Typically, when I have a head cold, my taste and smell are impeded, but this is very different. It’s the strangest thing. Nothing has a flavor or odor. I cooked bacon. Nothing! I peeled oranges. Nope! I brewed the most robust teas I own, and they tasted like hot water. It’s quite crazy. The day after I discovered this odd new symptom, Jason realized he, too, had lost all taste and smell. So, we’ve canceled more meetings and extended our quarantine to ensure we don’t spread this dreaded disease. In the meantime, we’re doing our best to live life and take advantage of the downtime, despite our frustration at yet another delay in our deputation journey.

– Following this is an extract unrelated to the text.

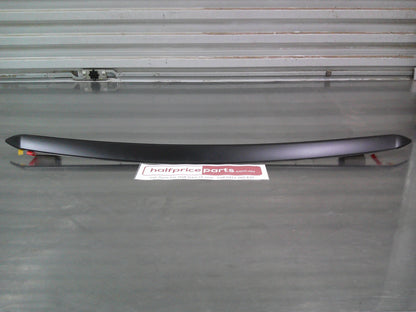 Toyota Hilux SR/Base Model Genuine Black Front Bonnet Garnish New Part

This whole taste/smell thing is mind-blowing. It’s like I eat something, knowing what it should taste like yet unable to distinguish any flavor at all. Textures are there, which is helpful, but overall, eating has become much less enjoyable. Everything tastes the same—like nothing! The only way I know to deal with it is to remind myself how things are supposed to taste. I have to rely on my memory—the many times my tongue has explored the deliciousness of bacon, chocolate, tea, and so much more. I must cling to past experiences because my present circumstances cannot be trusted. Oddly enough, this entire process brought to my mind a familiar Scripture verse.

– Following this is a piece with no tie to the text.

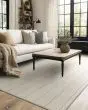 Harrington Linen Area Rug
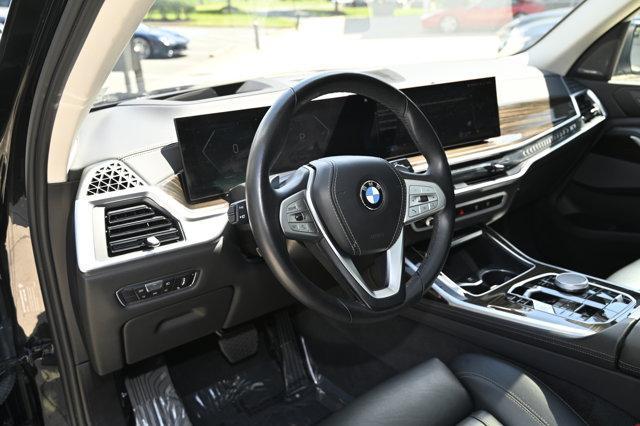 used 2023 BMW X7 car, priced at $64,860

Taste and see that the Lord is good. That’s easy enough when your “taster” is working right, but what about when it’s not? What about those times when our circumstances cannot be trusted? How can we know God is good when we don’t see Him at work or feel Him in our midst? How can we believe the Lord is good when everything around seems to contradict that?
Ah, we have to rely on our memory. We have to look back on past experiences. Our “taster” may not be working well at the moment, but it has worked before. It has tasted God’s goodness time and time again, and it remembers. Our “taster” recalls the flavor of His grace. The fragrance of who God is evokes images of love and mercy. Right now, we may not be able to taste that goodness, but that doesn’t mean it isn’t there.
I can’t taste chocolate right now, but I have no doubt that it’s still good. I can’t smell bacon, but I still believe, with all my heart, it is one of the most pleasing smells in all the world. How do I know? How can I be so sure? The same way I can understand the Lord is good. Past experience tells me so!